SUPPLIED DATA
=====

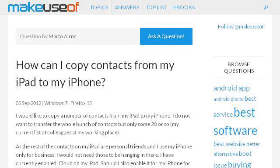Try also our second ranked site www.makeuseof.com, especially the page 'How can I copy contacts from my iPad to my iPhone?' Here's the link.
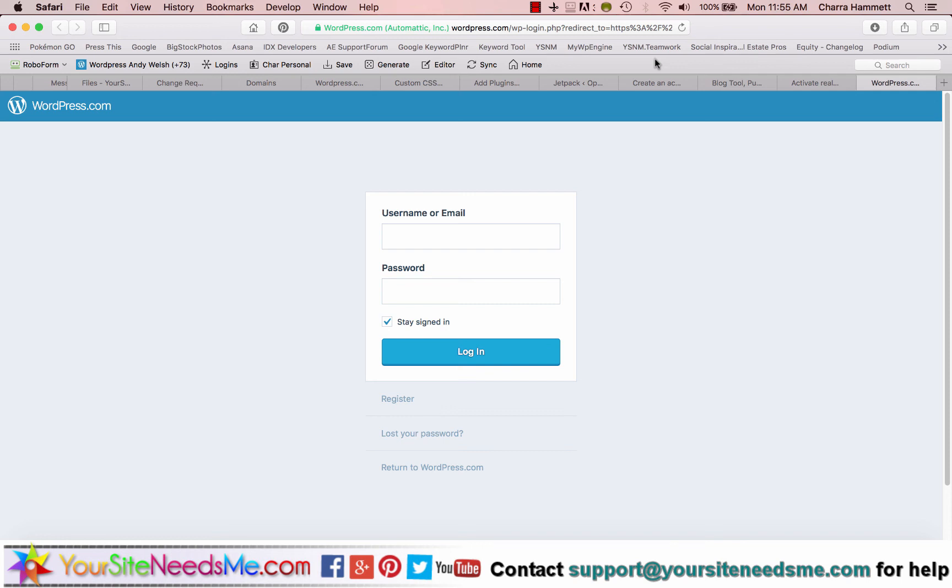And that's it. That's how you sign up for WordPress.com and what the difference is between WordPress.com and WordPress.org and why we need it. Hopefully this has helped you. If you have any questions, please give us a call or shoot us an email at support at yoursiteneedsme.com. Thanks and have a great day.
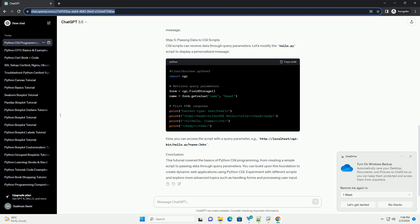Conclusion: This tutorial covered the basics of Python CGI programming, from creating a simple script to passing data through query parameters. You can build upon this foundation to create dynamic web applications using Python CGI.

=====

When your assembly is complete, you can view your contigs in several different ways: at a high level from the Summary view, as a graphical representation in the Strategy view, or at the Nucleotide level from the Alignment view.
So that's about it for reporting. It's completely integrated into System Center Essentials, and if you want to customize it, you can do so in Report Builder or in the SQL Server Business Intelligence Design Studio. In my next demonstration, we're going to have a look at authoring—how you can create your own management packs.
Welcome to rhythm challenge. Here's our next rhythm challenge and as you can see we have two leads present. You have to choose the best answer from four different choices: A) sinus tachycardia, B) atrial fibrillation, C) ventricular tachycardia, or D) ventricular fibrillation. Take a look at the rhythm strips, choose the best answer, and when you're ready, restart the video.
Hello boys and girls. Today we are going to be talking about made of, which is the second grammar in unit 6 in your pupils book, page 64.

=====

WORK INSTRUCTIONS
Could you repeat exactly the lines in the listing above from the one with "Welcome to rhythm" down to the one with "Hello boys and"? Include both of those lines.

RESPONSE TO THIS TASK
Welcome to rhythm challenge. Here's our next rhythm challenge and as you can see we have two leads present. You have to choose the best answer from four different choices: A) sinus tachycardia, B) atrial fibrillation, C) ventricular tachycardia, or D) ventricular fibrillation. Take a look at the rhythm strips, choose the best answer, and when you're ready, restart the video.
Hello boys and girls. Today we are going to be talking about made of, which is the second grammar in unit 6 in your pupils book, page 64.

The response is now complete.